• [PROBLEM DETAILS]:
Look below for the line containing "Master Lock 94DSPT"; from there, print each line exactly up to and including the line containing "Pokemon TCG - Dark", and stop.

• [MATERIAL FOR THIS TASK]:
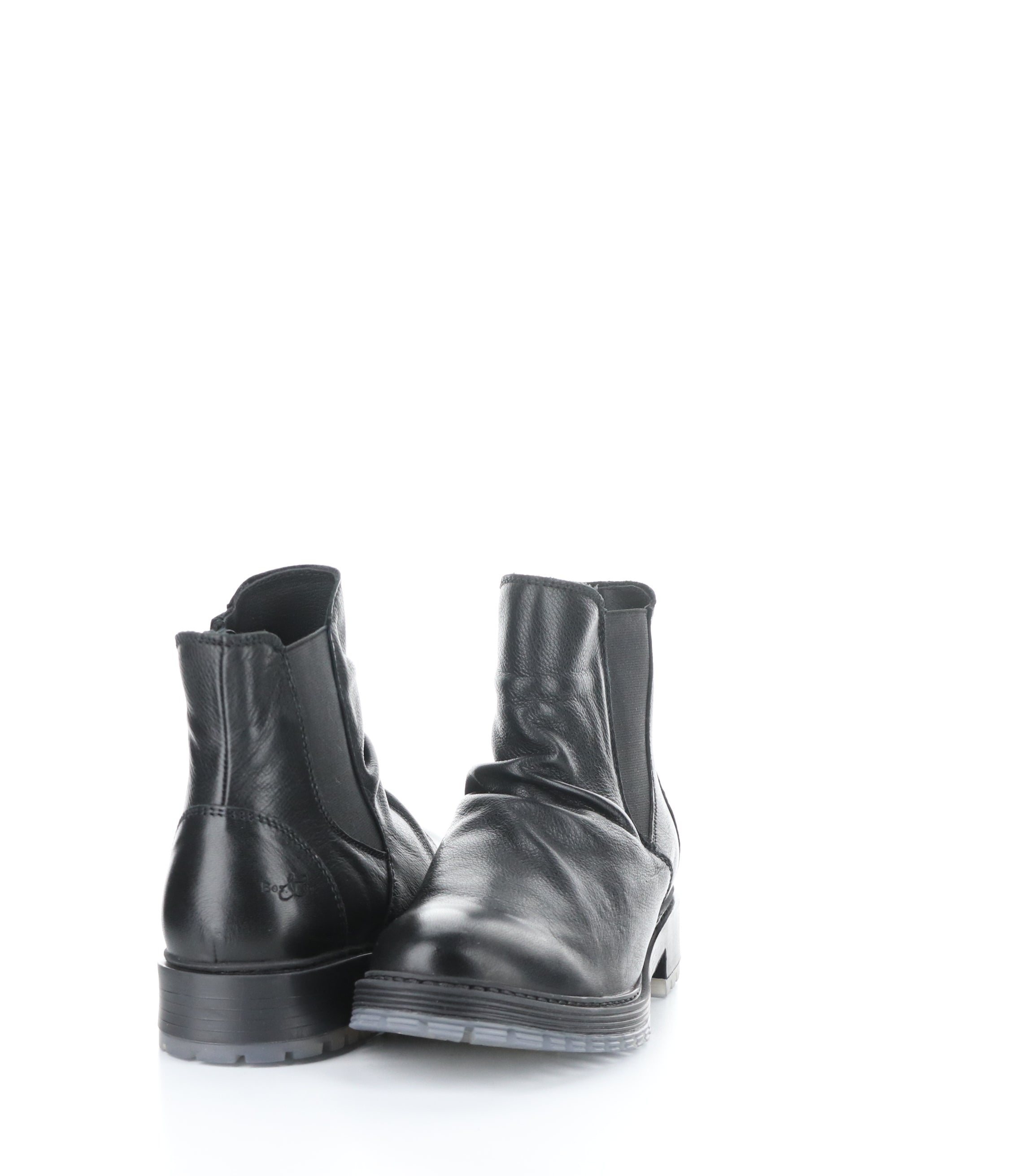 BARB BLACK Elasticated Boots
* * *
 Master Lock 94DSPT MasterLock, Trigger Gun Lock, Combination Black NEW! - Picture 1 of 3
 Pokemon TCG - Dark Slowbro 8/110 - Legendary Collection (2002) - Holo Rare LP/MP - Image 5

• [TASK ANSWER]:
 Master Lock 94DSPT MasterLock, Trigger Gun Lock, Combination Black NEW! - Picture 1 of 3
 Pokemon TCG - Dark Slowbro 8/110 - Legendary Collection (2002) - Holo Rare LP/MP - Image 5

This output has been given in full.